The emergence of bad actors such as insider traders is inevitable on prediction markets, according to Tarek Mansour, the co-founder and CEO of Kalshi. But the executive isn’t worried about such behavior sullying his business. “There’s always going to be bad actors. The goal is to just squash them,” Mansour said during an onstage interview at Semafor World Economy in Washington, D.C. yesterday (April 15). He believes cases will be weeded out by Kalshi’s internal investigations and, eventually, by federal prosecutors.
Mansour, 29, co-founded Kalshi in New York in 2018 alongside Luana Lopes Lara, whom he met while studying at MIT. The duo, both from Wall Street, used their backgrounds in finance to build a regulated platform for trading “event contracts.” Users can wager on outcomes across politics, culture, and sports.
Kalshi—and its primary rival, Polymarket—shot into the mainstream during the 2024 U.S. Presidential election and have since grown rapidly. Last month, Kalshi doubled its valuation to $22 billion after raising a $1 billion round led by Coatue Management and reportedly reached an annual run rate of $1.5 billion. “We are definitely the fastest-growing company outside of A.I. in America,” said Mansour. Annual run rate is a projection of future revenue.
Rising concern over insider trading
The boom in prediction markets has also brought scrutiny. Unusual trades, including one that correctly forecast the U.S. capture of the Venezuelan President Nicolas Maduro before it was public knowledge, have fueled suspicions of insider activity. Earlier this year, Kalshi suspended a content editor affiliated with YouTuber MrBeast after he placed a series of strikingly accurate bets on the influencer.
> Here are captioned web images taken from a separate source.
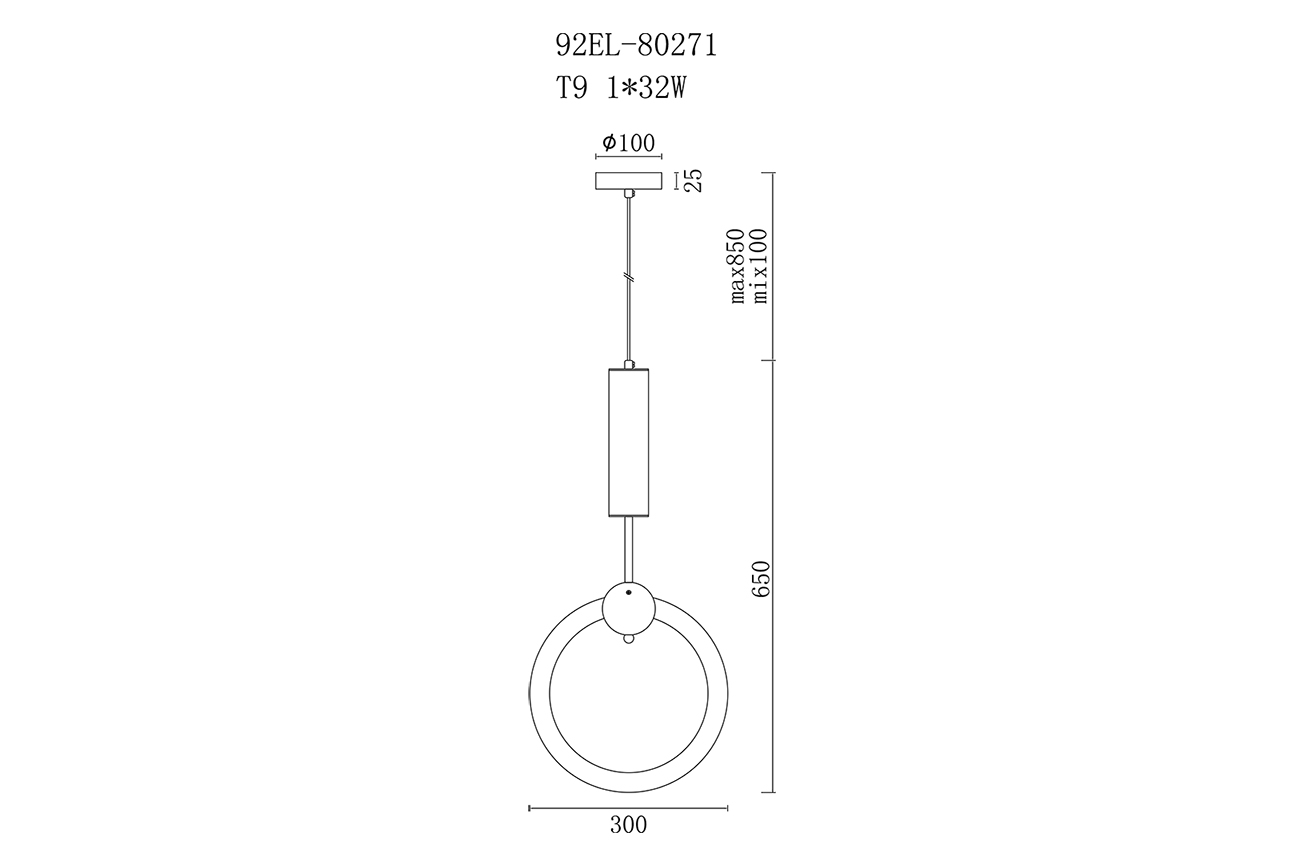 92EL-80271 Светильник подвесной латунь, h100см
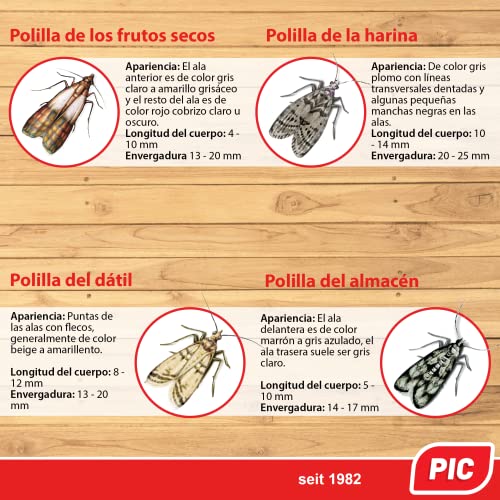 PIC Trampa para Polilla de despensa 6X Piezas - Medios de protección contra Las polillas en la Cocina y el Almacenamiento de Alimentos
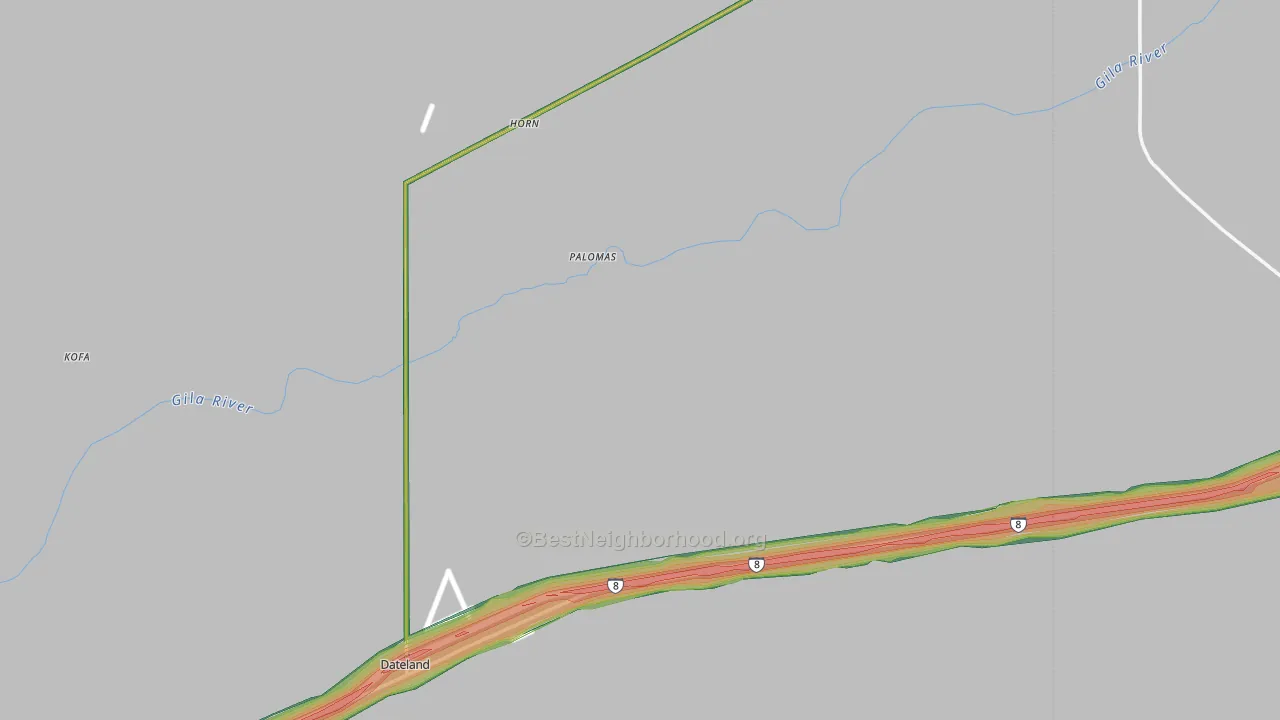 Dateland, AZ Map of Noise Levels in Dateland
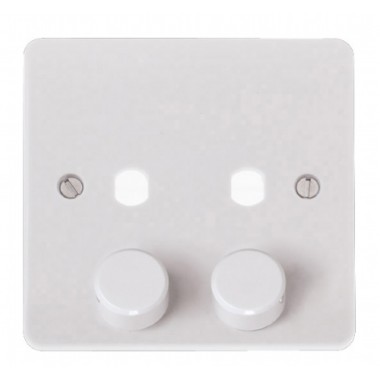 MODE 2 Gang Single Dimmer Plate & Knobs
Such users “should absolutely be banned,” said Mansour. “No one wants to participate in a system that is not intrinsically fair.”
Kalshi has opened around 200 insider trading investigations in the past year. Mansour warned that such cases could soon carry heavy consequences. “If you commit insider trading on Kalshi, that can—and will at some point—be a federal crime,” he said. “I actually do expect the DOJ to prosecute some of these cases.”
He added that insider trading is not unique to prediction markets, noting its long history in traditional financial markets. Regulatory oversight, Mansour argued, is a natural evolution: “The existence of bad actors in a system should not invalidate the system—it should validate regulation.”
How are prediction markets regulated?
Who ultimately governs prediction markets remains unsettled. Kalshi received approval from the Commodity Futures Trading Commission (CFTC) in 2020 to operate as a federally regulated exchange for event contracts—distinct from a gambling platform. Mansour said that federal oversight provides consistency compared to what he described as a “patchwork” of state laws. For example, among more than 30 states that allow sports betting, only one prohibits advertising to problem gamblers, he noted.
The issue has drawn attention from the Trump administration, which recently filed lawsuits against Illinois, Connecticut and Arizona seeking to establish federal authority over prediction markets. The administration argues these platforms function as financial markets and should therefore fall under CFTC regulation, while some states claim they’re a form of gambling subject to state law.
Arizona escalated the conflict last month by becoming the first state to file criminal charges against Kalshi, accusing the company of operating an illegal gambling operation.